WHAT IS REQUIRED: Starting at the line below with "在面上鋪魷魚、香菜、金字火腿大師醬。" and stopping at the line with "Used 2025 Kia Soul EX FWD image 11", please print each line exactly, those two included, and skip every picture.

START DATA TO PROCESS

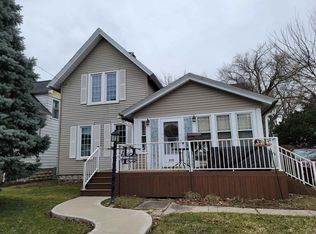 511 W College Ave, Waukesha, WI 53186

END DATA TO PROCESS
START DATA TO PROCESS

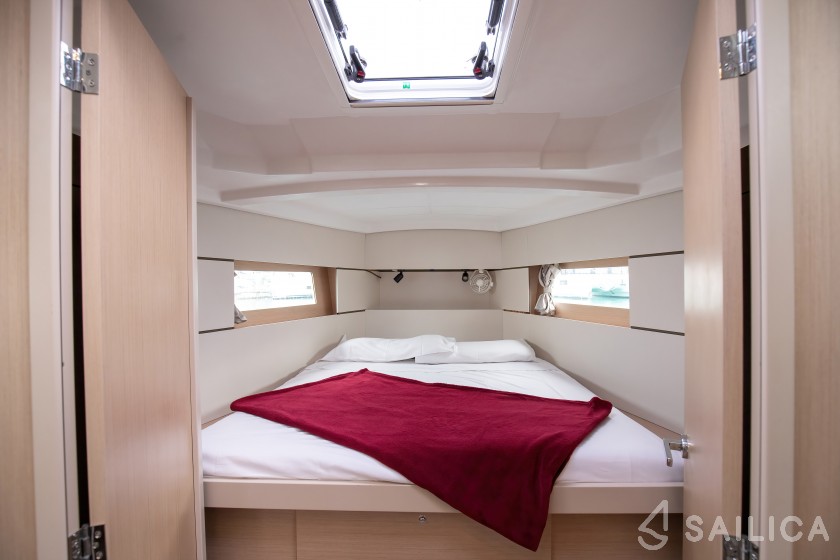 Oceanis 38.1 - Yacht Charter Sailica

END DATA TO PROCESS
START DATA TO PROCESS

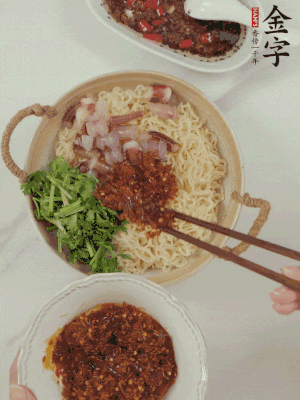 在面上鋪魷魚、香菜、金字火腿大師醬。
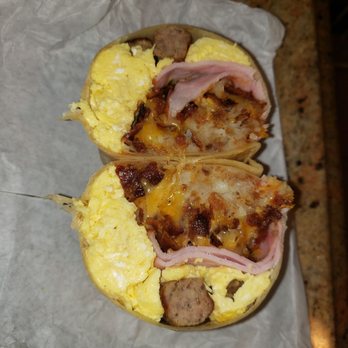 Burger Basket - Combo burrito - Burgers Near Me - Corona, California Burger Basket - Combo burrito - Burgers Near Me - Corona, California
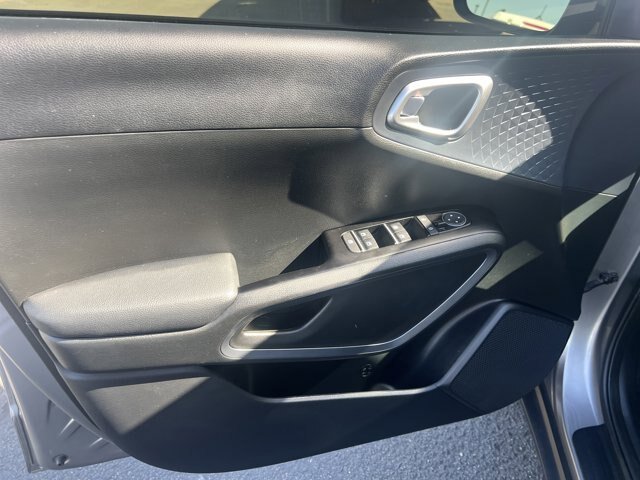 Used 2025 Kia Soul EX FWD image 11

END DATA TO PROCESS

RESULT OF THE TASK:
 在面上鋪魷魚、香菜、金字火腿大師醬。
 Burger Basket - Combo burrito - Burgers Near Me - Corona, California Burger Basket - Combo burrito - Burgers Near Me - Corona, California
 Used 2025 Kia Soul EX FWD image 11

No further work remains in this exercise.